The national monument has other hiking trails that draw smaller crowds as well if you’d rather get away from the masses. The Valley View Trail is easy like the Tower Trail, though much shorter. It crosses through Prairie Dog Town toward the Belle Fourche River in a fairly level area.
For a slightly more challenging hike, try the Joyner Ridge Trail (1.5 miles) or the Red Beds Trail. Both are rated moderate but do have some steeper areas as they gain elevation along a ridge. These trails will give you great, panoramic views of Devils Tower as it looms above the surrounding area.
Prairie Dog Town!
Prairie dogs don’t have quite the cache as buffalo and other western animals do, but oh my goodness are they ever cute! As you drive the main park road from the most common entrance on the east side, you can’t help but notice the large field full of holes and prairie dogs. These little critters are absolutely adorable and unlike other kinds of wildlife that roam a little more irregularly, they’re pretty much always in the area. You’ll definitely want to pull over at one of the designated areas and watch them for a while.
Devils Tower at night
While at first glance it may seem like there isn’t much to do at Devils Tower at night, because of its dark skies it’s actually an excellent stargazing area. During parts of the year, rangers even offer nighttime interpretive programs. Some of these allow you to learn about Lakota constellations – you’re probably familiar with constellations from Greek and Roman mythology, but the Lakota had their own celestial tradition. There’s even a constellation that is said to resemble Devils Tower itself. Even without an organized stargazing option, because the park is open 24 hours a day, you can always visit on your own to enjoy the night sky.

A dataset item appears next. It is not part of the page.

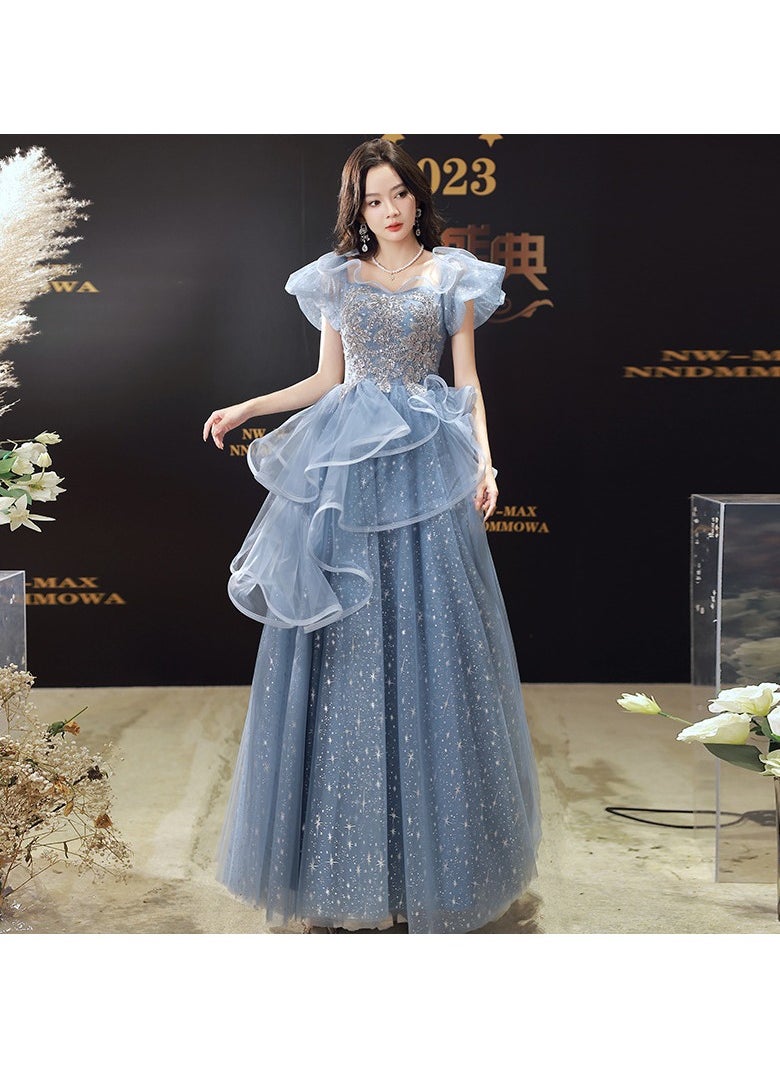 New Fashionable Evening Dress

Native American history at Devils Tower
Many different tribes that lived in the area had their own legends regarding the origin of the tower and some consider it to be a sacred area. When I visited the park as a kid, we learned the Kiowa legend about young girls being chased by bears. When the girls jumped on a rock and prayed to it to save them, it began to rise from the ground. The cracks on the sides were left by the bears as they clawed at them. The girls were eventually pushed all the way into the sky and live on as a constellation that we generally refer to as the Pleiades. The National Park website lists legends told by members of several tribes.
As you’re visiting you will likely also see pieces of cloth tied to tree branches around Devils Tower. These are prayer cloths or prayer bundles left by Native American visitors and the park requests that visitors not touch or photograph them.

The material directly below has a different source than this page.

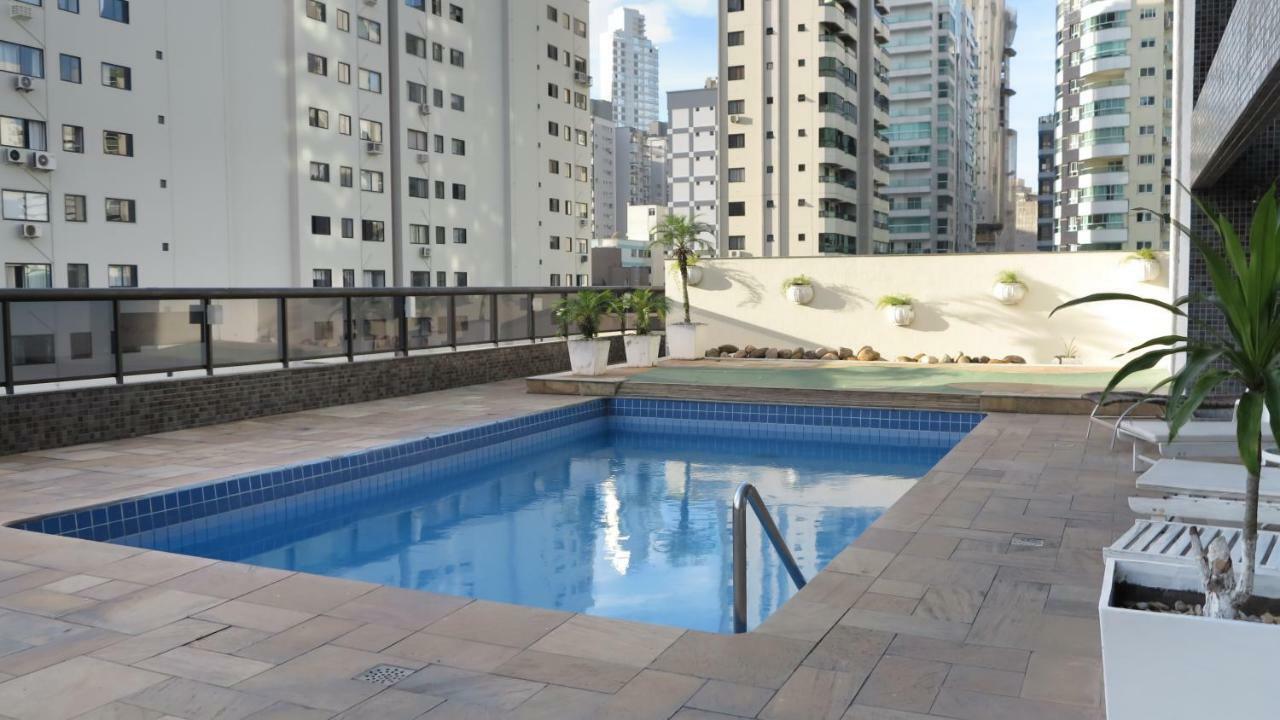 Costa Sul Beach Hotel Balneário Camboriú Εξωτερικό φωτογραφία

Devils Tower Visitor Center
The park has a small Devils Tower Visitor Center at the main parking area near the beginning of the Tower Trail. Here you’ll find park rangers who can offer information about the national monument, some interpretive exhibits about its history, and a small bookstore.

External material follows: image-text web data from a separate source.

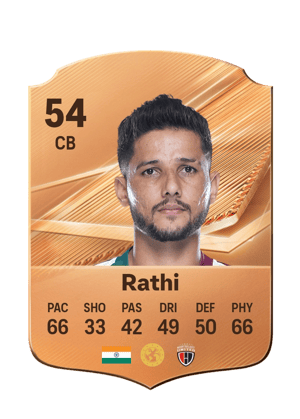 Rathi - 54 - Rare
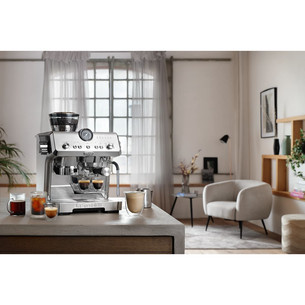 DeLonghi La Specialista Opera, pilkas - Kavos aparatas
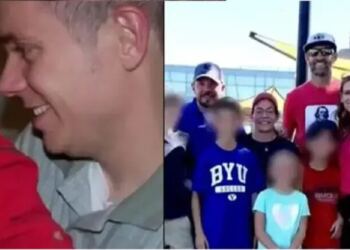 Πατέρας κάνει τεστ DNA ‘για πλάκα’ και ανακαλύπτει μια σοκαριστική αλήθεια που αλλάζει τα πάντα!”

Belle Fourche River Campground
There is one campground located in the southeastern corner of the national monument. The Belle Fourche River Campground has 46 sites and can accommodate RVs up to 35 feet in length. Restrooms and water spigots are available, but hookups are not offered. Note that the campground is first come first served and does not accept reservations. If you’d like to camp with a guaranteed spot (I could never show up anywhere without a reservation), try the Devils Tower KOA located just outside the park’s main entrance.